The Fall of a Wall and an Empire

Fall of a Wall and an Empire QuotePresident Reagan’s famous speech in which he implored Mikhail Gorbachev “to bring down” the Berlin Wall solidified his public identity with the end of the Cold War.  However, contemporary historians largely credit Texas’ own George H.W. Bush and Gorbachev as the leaders who successfully managed to bring the Cold War to a close.  Gorbachev’s political campaigns of “glasnost” (publicity), to reduce corruption in the Communist party, and “perestroika” (restructuring), to introduce capitalism into the Russian economy, ushered in a new era of international cooperation, closely watched and reported on by media across Texas.  Upon his arrival in the Oval Office, President Bush took time to carefully evaluate the changes in Russia that had taken place during the Reagan administration, including the removal of intermediate and short-range missiles in both countries.  Bush showed similar restraint when responding to the fall of the Berlin Wall by not declaring it a Western victory. While not a popular response at home, for which he was publicly teased on Saturday Night Live, Bush’s “prudent” approach served to improve diplomatic relations with Russia and Eastern Europe and paved the way for further negotiations with Gorbachev in normalizing U.S.-Soviet relations and economic reform.

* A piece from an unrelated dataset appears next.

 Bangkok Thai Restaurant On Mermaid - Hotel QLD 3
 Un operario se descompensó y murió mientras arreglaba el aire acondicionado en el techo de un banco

In February of 1989, Gorbachev withdrew troops from Afghanistan, therefore withdrawing their effort to extend Soviet influence. Then Poland, Hungary, Czechoslovakia, Bulgaria, and Romania’s communist governments all fell in rapid succession. Most notably, in 1989, the Berlin Wall – the most notorious symbol of the Cold War – fell as joyous German citizens took hammers to it. In 1990, East and West Germany were reunified, and in 1991, the USSR officially dissolved, marking the end of a unique era in America’s history – an era that nonetheless continues to define our foreign policy today.